▸ SUPPLIED DATA:
-- Opening Marker --

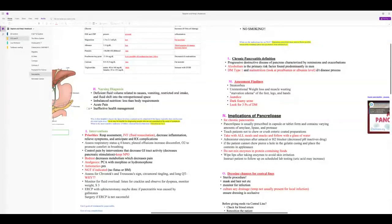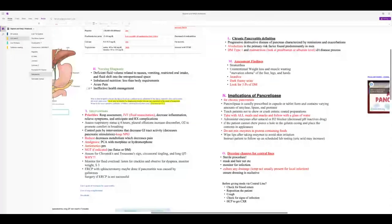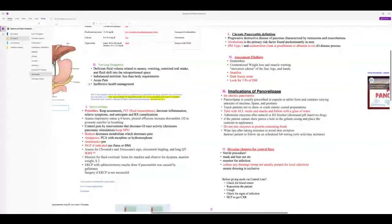With chronic pancreatitis: malnutrition occurs — check pre-albumin or albumin levels. Assessment findings include steatorrhea, unintentional weight loss, muscle wasting, jaundice, dark foamy stool, and the three P's of diabetes. Patients with chronic pancreatitis must take pancreatic enzymes — this is only for chronic, not acute pancreatitis.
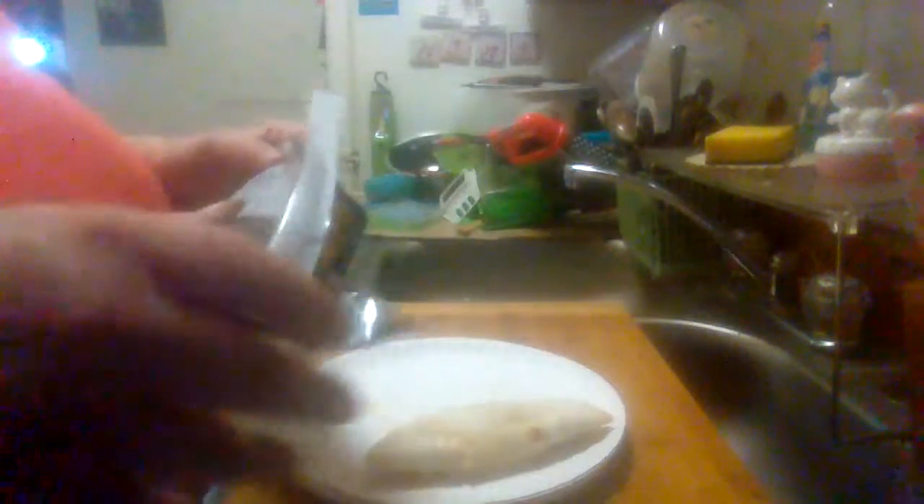One serving per container. Calories: 270. Total fat 12 grams, saturated fat 6 grams, trans fat 0, cholesterol 40 milligrams, sodium 680 milligrams, total carbohydrates 25 grams, dietary fiber 1 gram, total sugars 0 grams, protein 16 grams, calcium 223 milligrams, iron 2 milligrams, and potassium 49 milligrams.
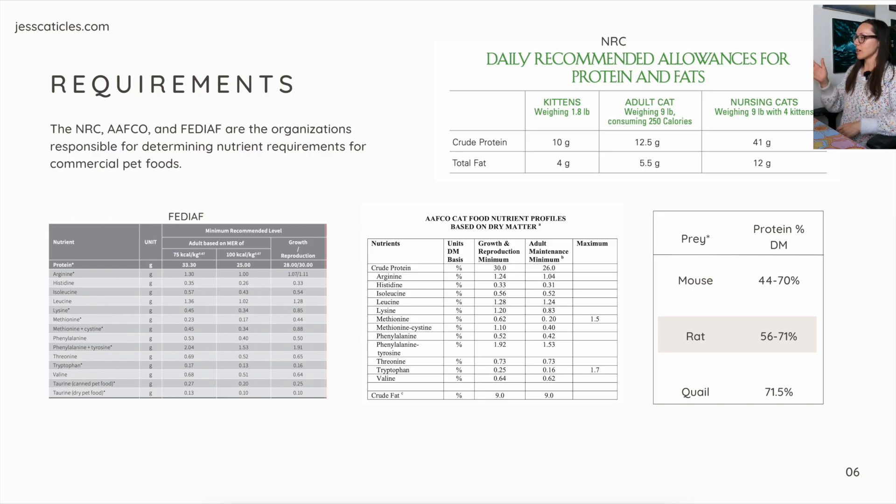I made a chart with prey and their protein percent on a dry matter basis. A mouse can range from 44% to 70% on a dry matter basis. So AAFCO's adult maintenance minimum is only 26% protein on a dry matter basis — a mouse provides double that at the minimum and more than triple that at the maximum. A rat is 56% to 71%, even higher. A quail is 71.5%. The minimum that pet food manufacturers have to meet is substantially less than the protein that whole prey provides.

-- Closing Marker --

▸ AIM OF THE EXERCISE:
Leaving aside every picture, transcribe exactly the lines that run from the one with "One serving per" to the close of the listing above.

▸ ANSWER SPACE:
One serving per container. Calories: 270. Total fat 12 grams, saturated fat 6 grams, trans fat 0, cholesterol 40 milligrams, sodium 680 milligrams, total carbohydrates 25 grams, dietary fiber 1 gram, total sugars 0 grams, protein 16 grams, calcium 223 milligrams, iron 2 milligrams, and potassium 49 milligrams.
I made a chart with prey and their protein percent on a dry matter basis. A mouse can range from 44% to 70% on a dry matter basis. So AAFCO's adult maintenance minimum is only 26% protein on a dry matter basis — a mouse provides double that at the minimum and more than triple that at the maximum. A rat is 56% to 71%, even higher. A quail is 71.5%. The minimum that pet food manufacturers have to meet is substantially less than the protein that whole prey provides.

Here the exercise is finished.